Par dernières conclusions d’incident remises au greffe le 22 mai 2025, la société Vorwerk France demande au conseiller de la mise en état de :
— prononcer la caducité de la déclaration d’appel,
— débouter Mme [R] de ses demandes,
— condamner Mme [R] aux dépens qui seront distraits.
Elle déduit des dispositions de l’article 562 du code de procédure civile énonçant que l’appel défère à la cour la connaissance des chefs de jugement critiqués, de l’article 915-2 du même code permettant à l’appelant de les modifier dans ses premières conclusions et de l’article 954 du même texte l’obligeant à les détailler au dispositif de ses conclusions, que l’effet dévolutif est désormais déterminé par les premières conclusions de l’appelant. Par analogie avec la sanction dérivant de l’omission de l’objet de l’appel et au constat qu’en l’espèce les chefs de jugement critiqués ne figurent pas au dispositif des premières conclusions de l’appelante, elle conclut que sa déclaration d’appel encourt la caducité.

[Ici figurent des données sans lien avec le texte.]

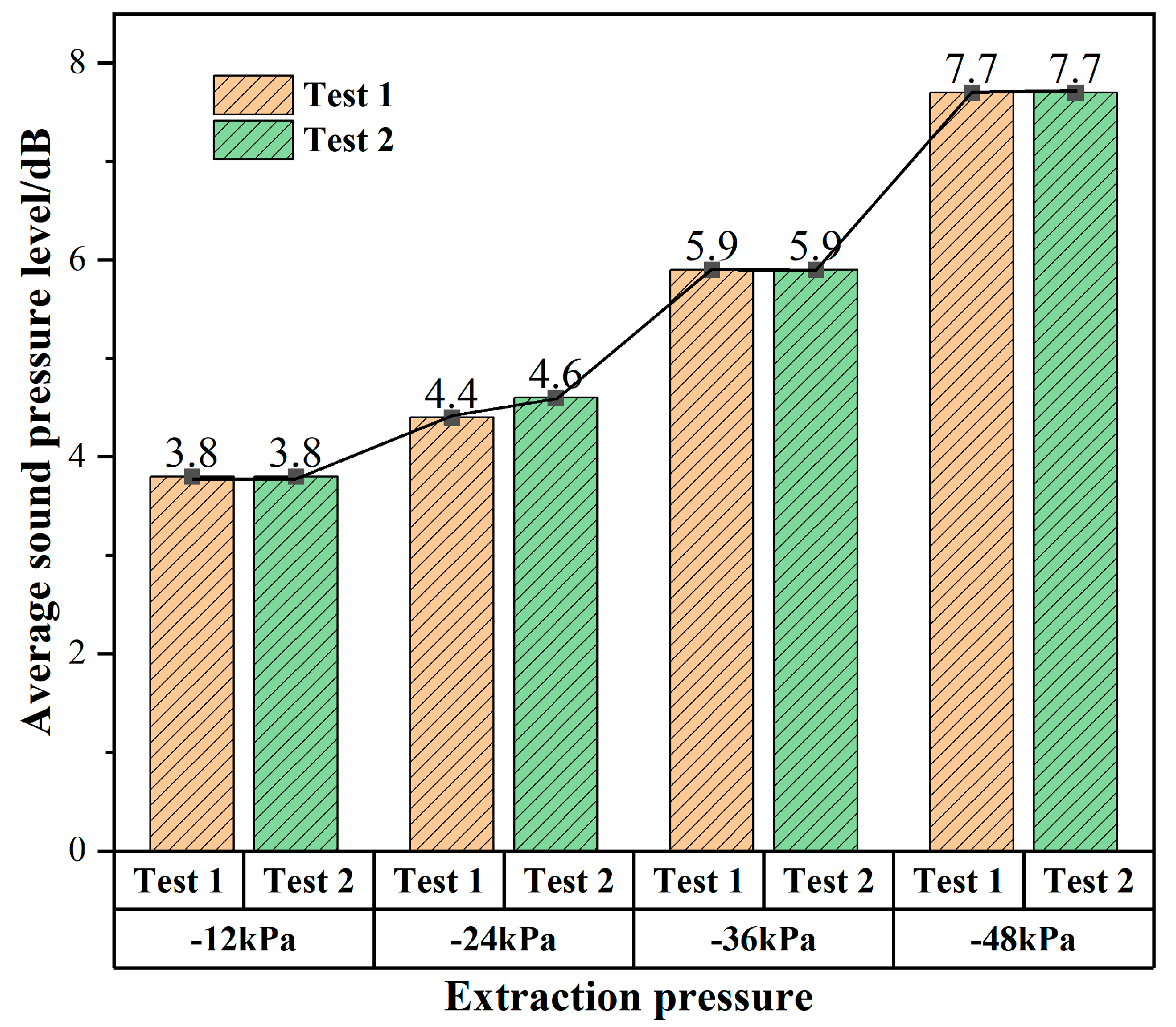 Energies 17 04875 g009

Par dernières conclusions d’incident remises au greffe le 28 mai 2025, Mme [R] demande au conseiller de la mise en état de :
— rejeter l’incident adverse,
— condamner la société Vorwerk France à lui payer la somme de 2.000 euros en application de l’article 700 du code de procédure civile et aux dépens.
Mme [R], qui soutient avoir énuméré dans le dispositif de ses premières conclusions les chefs de jugement critiqués inchangés, dénie toute portée à la comparaison adverse sur l’objet de l’appel, dont les contours sont, ici, déterminés, en soulignant que les textes invoqués ne prévoient nullement la sanction de la caducité au cas de cette omission et ne déportent pas plus la dévolution de la déclaration d’appel aux conclusions litigieuses.

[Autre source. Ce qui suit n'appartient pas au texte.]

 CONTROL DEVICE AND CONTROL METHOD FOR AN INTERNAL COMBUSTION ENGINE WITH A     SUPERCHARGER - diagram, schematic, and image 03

Il convient de se référer à ces écritures quant à l’exposé du surplus des prétentions et moyens des parties, en application de l’article 455 du code de procédure civile.
L’audience sur incident s’est tenue le 2 juin 2025.
**
En l’occurrence, par ses premières conclusions au fond, l’appelante demande à la cour d'« infirmer le jugement du conseil de prud’hommes de Versailles du 25 septembre 2024, fixer le salaire de référence à la somme » etc., de reconnaitre le caractère professionnel de son inaptitude, le manquement de l’employeur à son obligation de sécurité, le mal-fondé de son licenciement, et de condamner la société Vorwerk France à lui verser différentes sommes et à lui remettre divers documents, alors que le jugement, après avoir déclaré le conseil de prud’hommes compétent, avait « sur les autres demandes, fixé le salaire de référence à la somme brute de 5.593,69 euros, dit que la demande de reconnaître que l’inaptitude de Mme [R] revêt un caractère professionnel est mal fondée, dit que la demande de dire que la société Vorwerk France n’a pas respecté son obligation de santé au travail envers Mme [R] est mal fondée, dit que la demande de dire et juger que le licenciement de Mme [R] est sans cause réelle et sérieuse est mal fondée, en conséquence, débouté Mme [R] de l’intégralité de ses demandes, rejeté les demandes plus amples ou contraires des parties et laissé les dépens aux parties qui les ont exposés. »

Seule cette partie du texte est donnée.